The "Contract with America" provided fodder for similar attacks across the country; about forty Democratic campaigns had cut anti-Contract ads by the campaigns final weeks. In Nebraska, three-term congressman Peter Hoagland ran a TV ad against his Republican challenger, Jon Christensen, featuring a Social Security card breaking in half and an elderly woman sitting at a kitchen table, her medication and a cup of coffee in front of her. The script read, in part: "Christensen backs a plan to cut Social Security and Medicare right now. Jon Christensen. He's a radical right extremist. And he's dangerous on Social Security."

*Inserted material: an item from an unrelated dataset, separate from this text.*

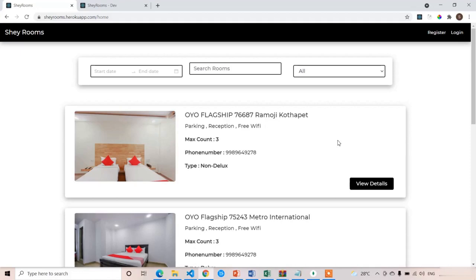Welcome back. In this lecture we are going to create the model of our room. To get the rooms from the back end, first we should have the rooms data in our MongoDB database. We have to create the room model and then add the data with the help of that model using Node.js to MongoDB. So in this lecture we are going to create the room model in the back end, that means Node.js.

Other Democrats were more specific. House Majority Leader Dick Gephardt (Mo.) hit his opponent, Gary Gill, for allegedly supporting a $158-a-month cut in Social Security checks. Yet the Contract contains no specific spending cuts. It does have a Balanced Budget Amendment, which would mean a tighter federal budget; spending growth over the next five years would have to be held to 2 per cent instead of 5 per cent. But it does not necessarily entail slashing Social Security checks, let alone by a specific amount. "The Democrats are running the most incredible campaign of distortion in their history," says one Republican House aide. All they can do now is try to scare the sick and elderly."